In the late 1980s, accountants decided that the intangible black hole in their balance sheets was branding and set out to measure this greatest corporate asset. They did so with flat earth tools geared to the religious principles of the balance sheet such as the proof of past performance. They were prepared to assume for example, that the brand's worth went up the higher the price premium taxed, where as anyone who has studied consumers knows and as Marlboro Friday showed, you can take such short term profit hikes for a while but eventually you break the poor consumers' back or let in new competition.
Most academic book-writers up to Marlboro Friday towed the flat earth line on brand equity - with authoritative texts on this is how the flat earth works. One, Jean-Noel Kapferer, stood out daring to write a book - first published in English by Kogan Page in 1992 - which started to question many dogmas about branding. Could it be that the brand's strength depends not just on flat brand images and past sales that can be measured, but on the organisational integrity of its identity? Did big companies who were buying up brands by the trolley load in the late eighties realise that their two biggest problems were: owning too many brands and hosting them in a managerial culture which was not even neutral to good branding practice but "negative"?

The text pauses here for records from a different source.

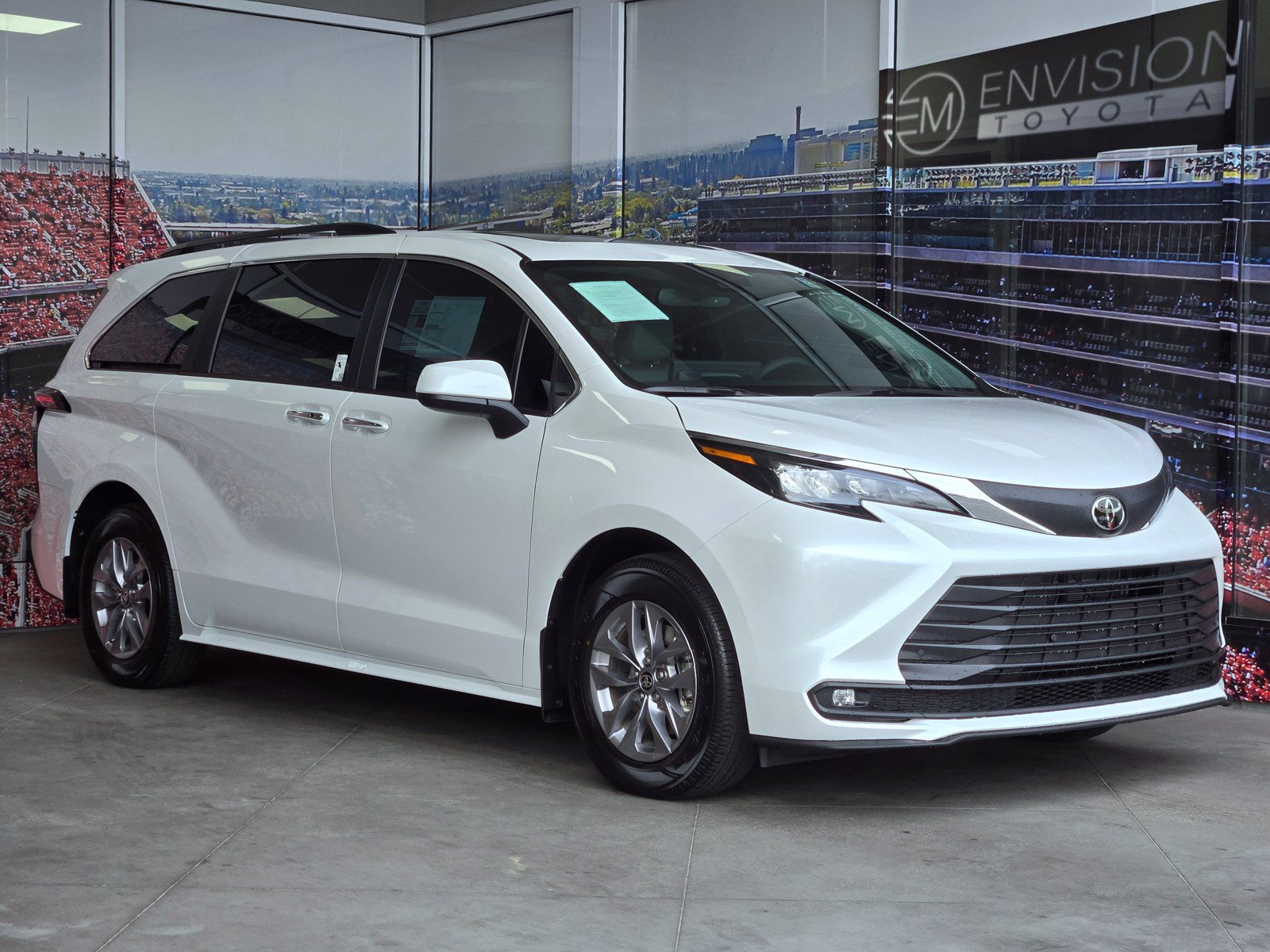 Certified 2026 Toyota Sienna XLE FWD image 1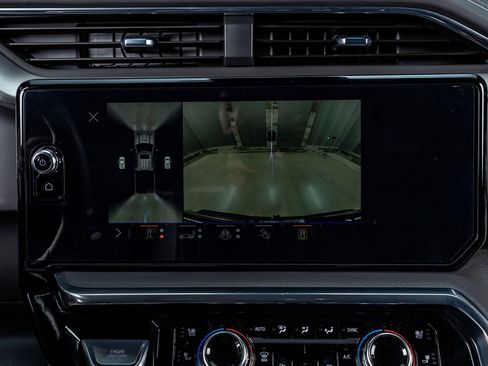 Used 2025 GMC Sierra 2500 Denali image 26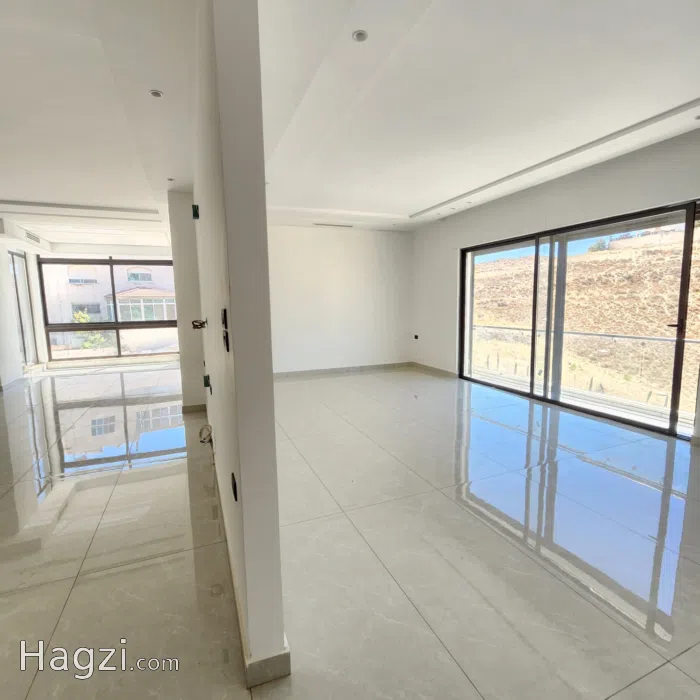 Unfurnished apartment for sale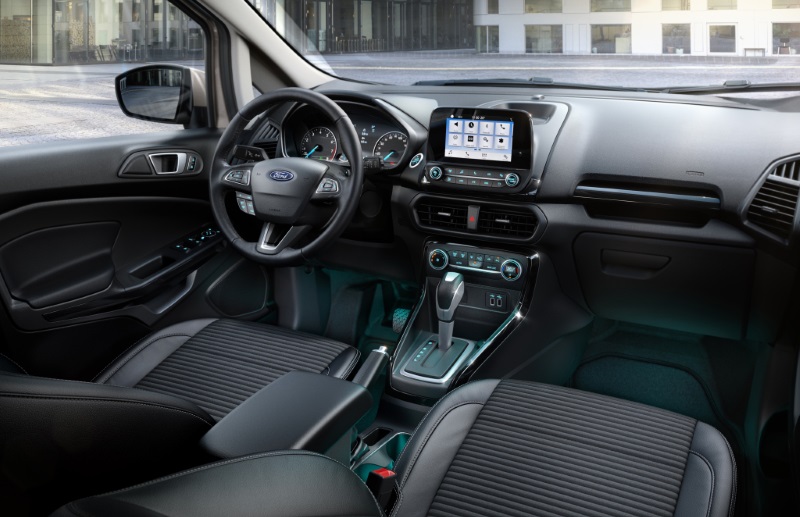 Интерьер кроссовера Ford EcoSport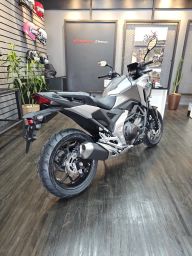 https://img.olx.com.br/thumbs256x256/22/228504047429523.jpg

Five years later, Kapferer's Strategic Brand Management has been updated. Most of the book is new to the English-speaking reader, and Kapferer is now fully into his stride as the strongest and wisest of brand gurus. Before we can ever believe again in the power of brand image and positioning, we need to understand fundamental leadership frames like: identity, purpose, vision, architecture and charter. Try out these sample extracts of Kapferer for a flavour of why you may need to read this book urgently.
page 425 - The emphasis that we placed on the financial value of brands in the 1980s has given us a wrong idea of what they actually are. We saw them as short-term speculative values. The famous goodwill is the result of continuous efforts. This is the price that has to be paid if a brand is to be able to reconquer a market. The future lies in the hands of those companies which understand brands and are able to instil this understanding throughout their organisation. Even if a company's culture is internally focused, what the brand stands for reminds us of the competitive priorities and the need for continuous improvement in serving the market...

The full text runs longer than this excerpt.